WORK TO COMPLETE:
Everything from the first line of the material below through the line containing "Schwarz Gebraucht 2006" must be retyped exactly, and nothing past it.
[EXTRACTED INFORMATION]
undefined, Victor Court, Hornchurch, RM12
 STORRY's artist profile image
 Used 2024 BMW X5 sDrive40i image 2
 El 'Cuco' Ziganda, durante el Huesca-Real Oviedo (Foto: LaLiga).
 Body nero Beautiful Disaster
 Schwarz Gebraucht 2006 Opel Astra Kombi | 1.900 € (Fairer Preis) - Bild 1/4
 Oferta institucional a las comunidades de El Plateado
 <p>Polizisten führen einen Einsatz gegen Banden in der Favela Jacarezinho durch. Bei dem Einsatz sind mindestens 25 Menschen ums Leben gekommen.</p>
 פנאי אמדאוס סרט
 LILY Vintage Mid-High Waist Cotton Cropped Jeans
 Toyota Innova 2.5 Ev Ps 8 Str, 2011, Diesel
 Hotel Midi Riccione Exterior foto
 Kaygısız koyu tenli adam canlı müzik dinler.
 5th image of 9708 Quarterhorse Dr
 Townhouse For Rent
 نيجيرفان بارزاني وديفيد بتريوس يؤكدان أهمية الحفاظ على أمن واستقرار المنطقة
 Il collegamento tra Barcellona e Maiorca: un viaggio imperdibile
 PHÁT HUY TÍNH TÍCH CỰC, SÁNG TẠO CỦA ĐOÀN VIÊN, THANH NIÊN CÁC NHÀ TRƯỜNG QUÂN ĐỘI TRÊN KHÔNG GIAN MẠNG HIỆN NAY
[/EXTRACTED INFORMATION]
EXERCISE ANSWER:
undefined, Victor Court, Hornchurch, RM12
 STORRY's artist profile image
 Used 2024 BMW X5 sDrive40i image 2
 El 'Cuco' Ziganda, durante el Huesca-Real Oviedo (Foto: LaLiga).
 Body nero Beautiful Disaster
 Schwarz Gebraucht 2006 Opel Astra Kombi | 1.900 € (Fairer Preis) - Bild 1/4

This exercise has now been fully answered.